Akesson's party confirmed he had visited Greece, writing on Twitter: "We all remember the migration chaos of 2015 and we have to do everything we can to make sure it never ever happens again."
Thousands of migrants have amassed at the Greek frontier since Turkey announced last week that they are free to cross into the European Union. The 2016 EU-Turkey deal helped to ease the crisis on Greek islands near Turkey, whose facilities were overwhelmed by a refugee influx in 2015. The number of refugees and migrants coming from Turkey significantly reduced as a result. Yet, in the face of the silence of EU countries toward the humanitarian tragedy unfolding in Syria’s northwest and which caused nearly 1 million people to flee to the Turkish border, Ankara has declared it cannot handle another major refugee wave as it already hosts the largest number of refugees in the world and opened its borders to Europe to migrants leaving from Turkey.
Akesson reportedly handed out flyers with the message "Sweden is full."
"So if you want to go to Sweden, then that is a bad idea. We don't have the capacity to help more," Akesson told newspaper Svenska Dagbladet, adding that he had traveled to the Turkish border city of Edirne.
However, other party leaders were quick to criticize the move.

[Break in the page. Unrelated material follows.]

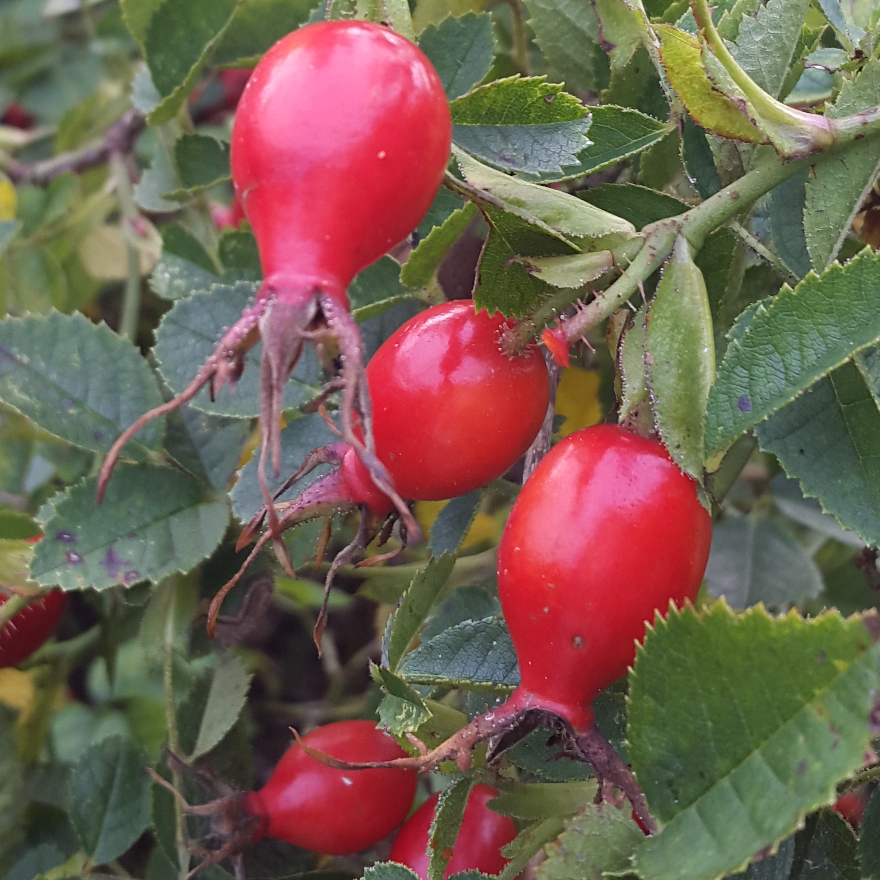 Bartenders' guide to foraging: Rose hips image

Anders Jonsson, acting Centre Party leader, told TT it was "not worthy of a Swedish party leader," and Jonas Sjostedt of the socialist Left Party called it "pitiful" in a tweet.
Since entering parliament in 2010, the Sweden Democrats have capitalized on anti-immigrant sentiment, as Sweden has taken in around 440,000 asylum seekers since 2012.
The party has steadily advanced in the polls, arguing that the influx of migrants is putting a strain on the country's generous welfare state.
In the most recent 2018 general election, the party won 17.5% of the votes but was still shut out of government talks with other parties.
An opinion poll published by public broadcaster Sveriges Radio last week suggested the Sweden Democrats were the country's largest party, with over 23% support.
The bloc is wary of any recurrence of the 2015 crisis that sowed bitter divisions among EU states, strained social and security services and fueled support for populist, anti-immigration, eurosceptic and far-right parties throughout Europe.